Investor demand for Montreal office towers has rebounded to levels that prevailed before the COVID-19 pandemic, as real estate investors dismiss concerns about the high office vacancy rate and bet on the city’s future.

The value of Montreal office building deals is expected to hit $615-million in the third quarter, according to new data from commercial real estate firm CBRE. That is close to the volume of deals before the start of the pandemic in early 2020, and is more than quadruple the $136-million of office transactions in the first quarter of this year.

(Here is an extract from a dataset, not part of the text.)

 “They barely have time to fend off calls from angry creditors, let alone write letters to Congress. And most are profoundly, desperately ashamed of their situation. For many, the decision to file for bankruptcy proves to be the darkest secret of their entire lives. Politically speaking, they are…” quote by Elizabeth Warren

“There is a flurry of activity no question,” said Scott Speirs, executive vice-president of CBRE in Montreal. Mr. Speirs said there were virtually no office building transactions in the city during the first 12 months of the pandemic. But now they are rolling in.

The latest one was this month’s sale of a BentallGreenOak office tower to two Quebec-based real estate companies, Groupe Mach and Groupe Petra, for an undisclosed sum. Called Tour KPMG, the 33-storey office building is in Montreal’s financial district. Other recent deals include Ivanhoé Cambridge’s sale of its 50-per-cent stake in the 27-floor Maison Manuvie office tower to LaSalle Canada Property Fund.

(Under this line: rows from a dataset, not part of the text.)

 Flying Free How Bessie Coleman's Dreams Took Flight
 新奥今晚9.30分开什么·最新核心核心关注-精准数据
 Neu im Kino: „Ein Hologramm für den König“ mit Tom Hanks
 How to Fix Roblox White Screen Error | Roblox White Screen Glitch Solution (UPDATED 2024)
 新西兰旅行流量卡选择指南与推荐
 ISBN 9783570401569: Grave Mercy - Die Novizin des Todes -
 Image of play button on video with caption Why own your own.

Investors are embracing commercial real estate deals despite a high downtown Montreal office vacancy rate that hit 13.2 per cent in the third quarter, up from 11.1 per cent in the second quarter, and 6.4 per cent before the pandemic.

Many companies across the country, such as accounting giant PwC and Air Canada, have reduced their office space. Others, such as Sun Life Financial Inc., have embraced a hybrid work model in which staff choose which days to work in the office.

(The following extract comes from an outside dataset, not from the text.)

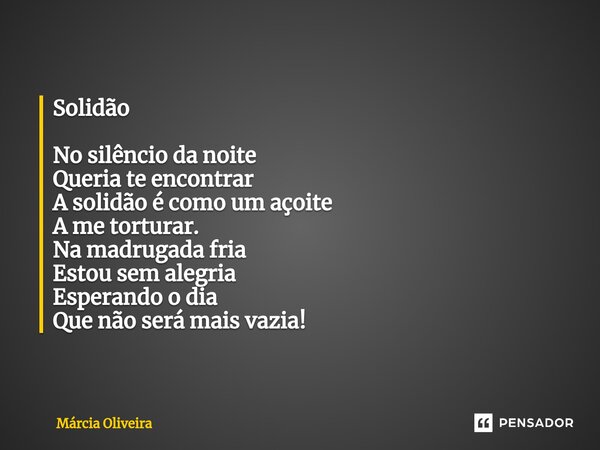 ⁠Solidão No silêncio da noite Queria te encontrar A solidão é como um açoite A me torturar. Na madrugada fria Estou sem alegria Esperando o dia Que não será mai... Frase de Marcia Oliveira.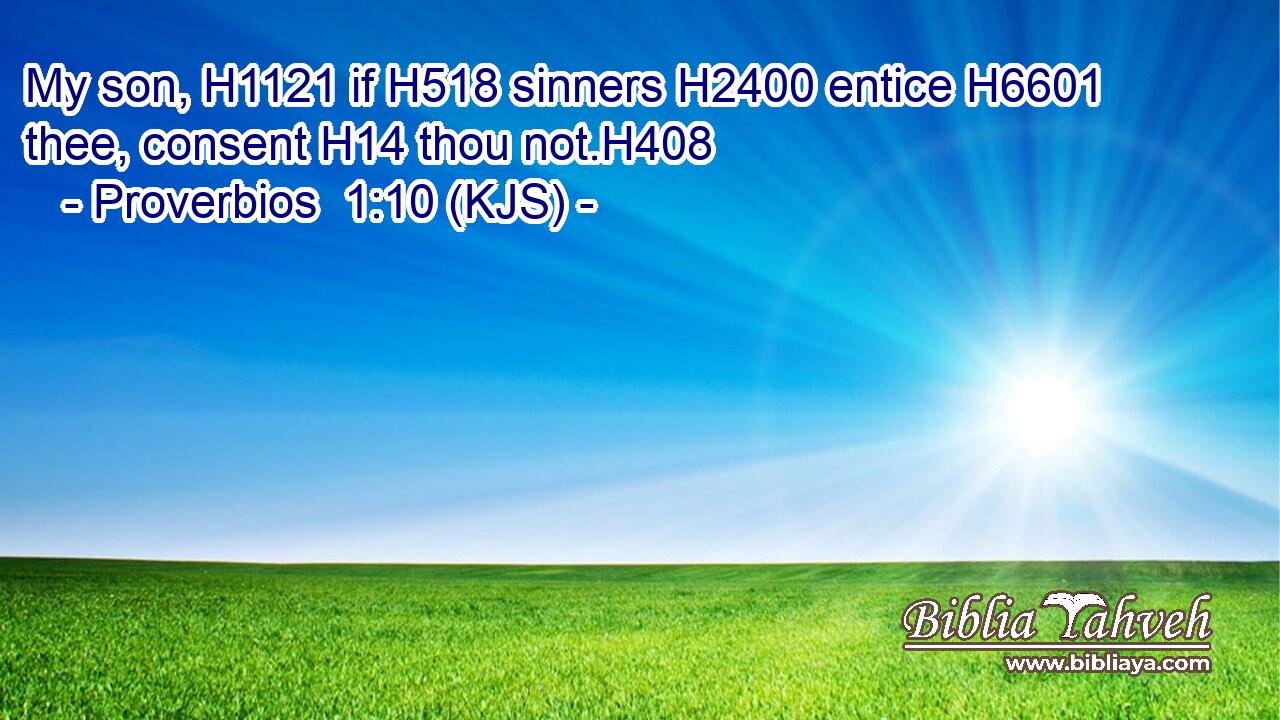 My son, H1121 if H518 sinners H2400 entice H6601 thee, consent H14 thou not.H408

Some companies, such as Shopify Inc. and Inc., have added more office and warehouse space, but others have given up their real estate almost entirely.

Even so, investors have renewed their interest in office property as other real estate classes have grown more expensive. In Toronto, the country’s largest office hub, investor demand has also increased, and office transactions rose to $473-million in the third quarter, up from $349-million in the first, but still not as high as Montreal.

Until this past spring, real estate investors had favoured apartment buildings, land, warehouses and industrial properties. Purchases of industrial real estate, land and apartment buildings were the top transactions in Montreal, Toronto, Vancouver, Edmonton, Calgary and Halifax.

The pandemic’s stay-at-home requirements forced consumers to shop for much of their products online. That quickened the shift toward e-commerce and increased retailers’ need for large warehouses to store products before shipping them to consumers’ homes.

But Mr. Speirs said the competition for industrial properties has pushed up prices to the point where it is harder for buyers to eke out a profit. As well, Montreal office buildings are still relatively cheap compared with office towers in Toronto, and investors see an economic revival in Montreal.

“Investors are taking a long-term view,” he said. “There is a sense that Montreal still has significant growth potential.”

In the third quarter, the volume of office transactions in Montreal topped industrial real estate deals in the city, according to CBRE.

The recent uptick in office deals will help push the national deal volume to a record $50-billion this year, the firm forecasts.